SceneAligner: 실제 환경에서의 3D 기반 평면도 위치 추정

초록

많은 공공 건물에서는 방문객의 방향 인식을 돕기 위해 '현재 위치' 표시가 있는 평면도를 제공한다. 평면도 위치 추정(floorplan localization)은 시각적 관측 데이터가 평면도 내 어디에서 촬영되었는지를 결정함으로써 이러한 기능을 계산적으로 재현하고자 한다. 그러나 기존 방법들은 일반적으로 통제된 소규모 환경과 정밀한 벡터화된 평면도를 가정하므로, 대규모 건물 및 래스터화된 평면도에서의 적용 능력이 제한된다. 본 연구에서는 장면의 재구성된 3차원 표현에 작업을 기반하여 실제 환경(in the wild)에서 평면도 위치 추정을 수행하는 접근법을 제시한다. 제약 없는 이미지 컬렉션이 주어지면, 우리 방법은 중력 정렬된 3차원 장면을 재구성하고 이를 평면도 대리(proxy) 역할을 하는 2차원 밀도 맵으로 투영한다. 그런 다음 평면도 위치 추정은 2차원 유사 변환을 통해 이 대리 맵과 입력 평면도를 정렬하는 것으로 정식화된다. 밀도 맵과 건축 평면도 간의 외관 차이를 극복하기 위해, 2차원 기초 모델을 활용하여 교차 모달 대응 관계를 학습하도록 적응시키고, 구조적 일관성을 유지하면서 의미적으로 정렬된 대응을 장려하는 미세 조정 기법을 도입한다. 광범위한 실험을 통해 단일 입력 이미지만으로도 극도로 희소한 설정을 포함하여 기존 방법들 대비 상당한 성능 향상을 입증한다. 우리의 코드와 데이터는 공개될 예정이다.

English

Many public buildings provide floorplans with a "you are here" indicator to help visitors orient themselves. Floorplan localization seeks to computationally replicate this capability by determining where visual observations were captured within a floorplan. However, existing methods typically assume controlled small-scale environments and precise vectorized floorplans, limiting their ability to operate in large-scale buildings and rasterized floorplans. In this work, we present an approach for performing floorplan localization in the wild by grounding the task in a reconstructed 3D representation of the scene. Given an unconstrained image collection, our method reconstructs a gravity-aligned 3D scene and projects it into a 2D density map that serves as a floorplan proxy. Floorplan localization is then formulated as aligning this proxy with the input floorplan via a 2D similarity transform.
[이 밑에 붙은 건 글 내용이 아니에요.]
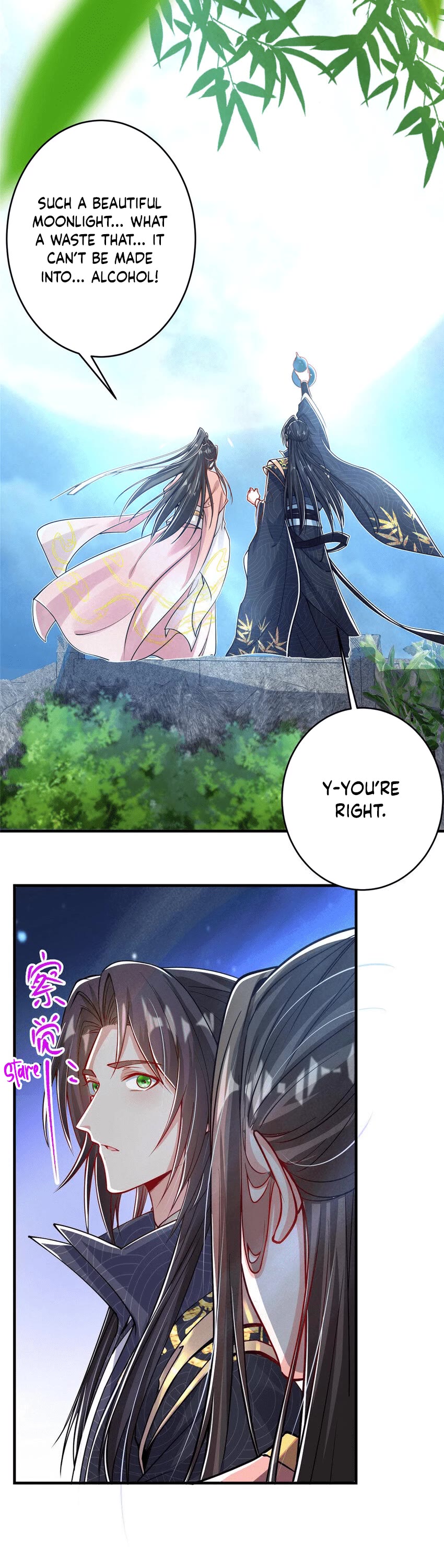 Read Keep a Low Profile, Sect Leader Manga Online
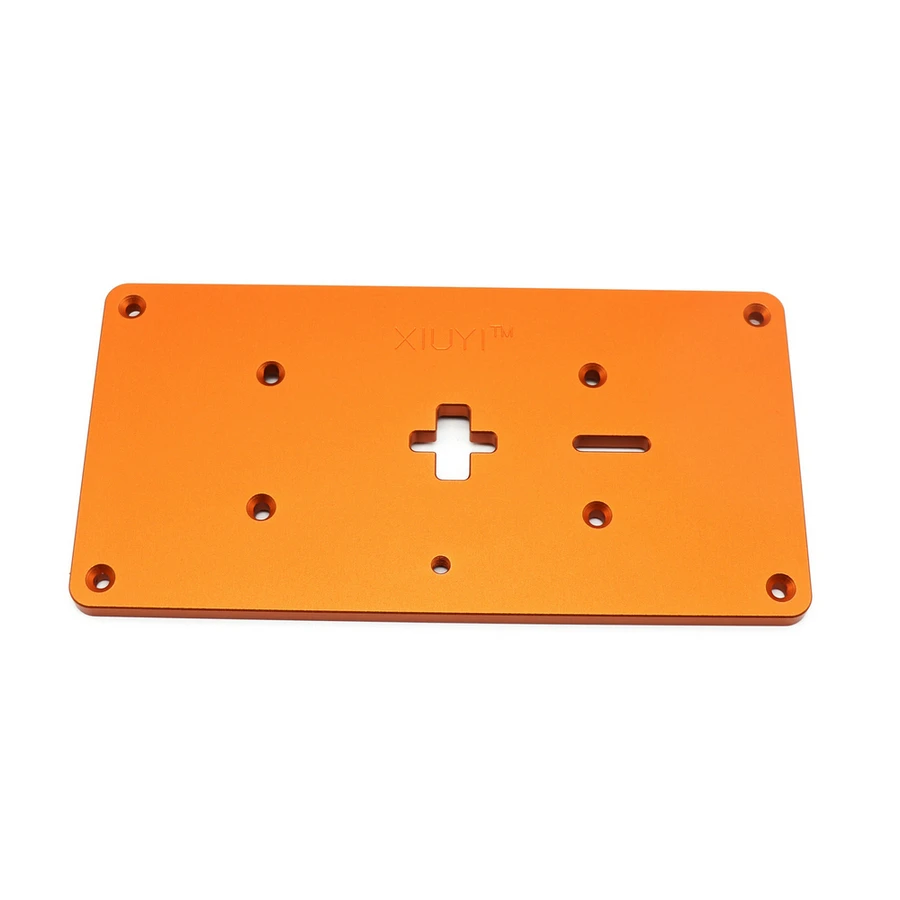 Imagem -02 - Electric Jig Saw Flip Board Router Table Inserir Placa para Jig Saw Bancos de Trabalho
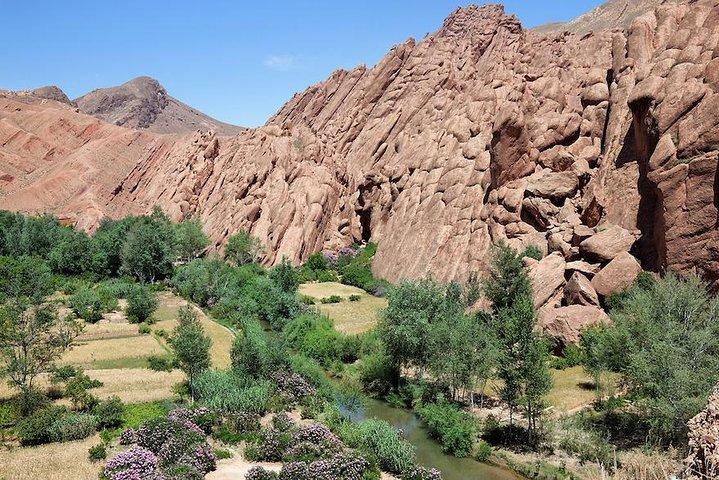 Private Luxury desert tour from Marrakech to Merzouga 3 days 2 nights
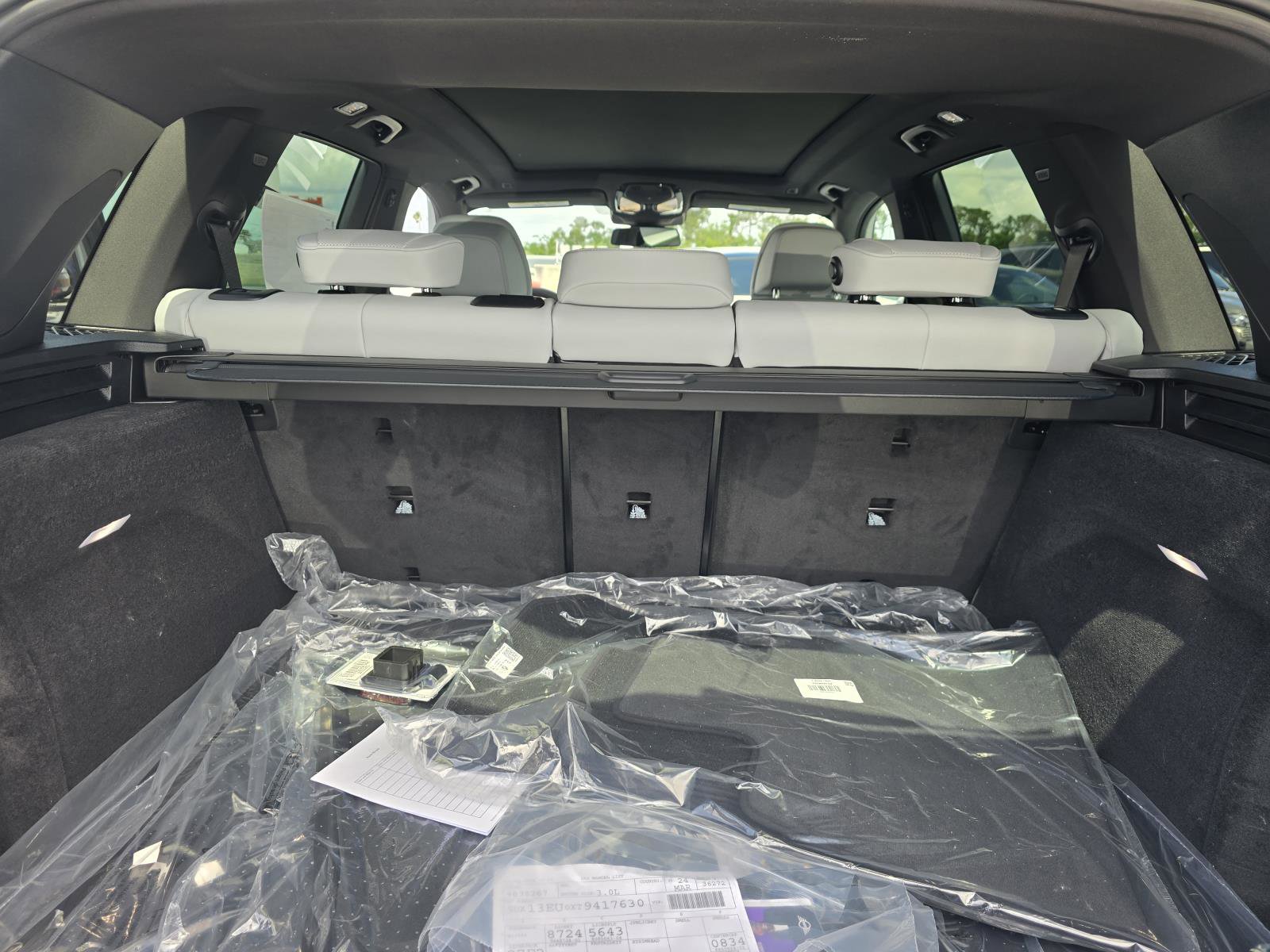 New 2026 BMW X5 sDrive40i w/ M Sport Package image 35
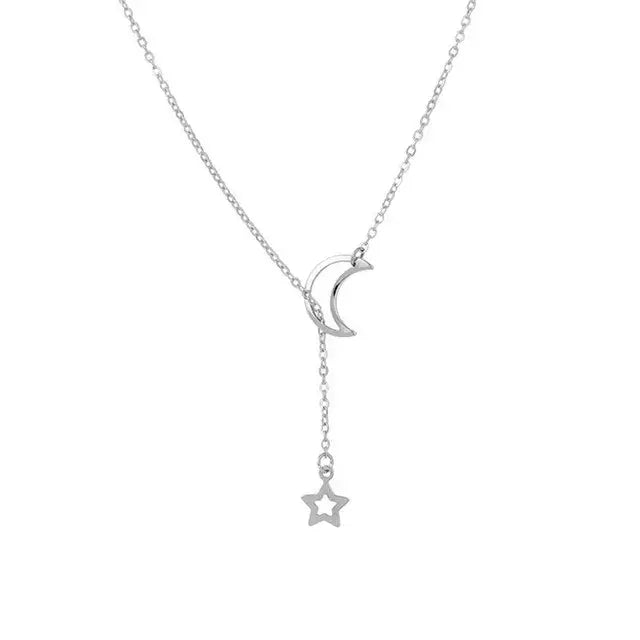 Star Charm Choker - Eloy Royal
To bridge the appearance gap between density maps and architectural floorplans, we adapt a 2D foundation model to learn cross-modal correspondences, introducing a fine-tuning scheme that encourages semantically aligned matches while preserving structural consistency. Extensive experiments demonstrate substantial improvements over prior methods, including in extremely sparse settings with as little as a single input image. Our code and data will be publicly available.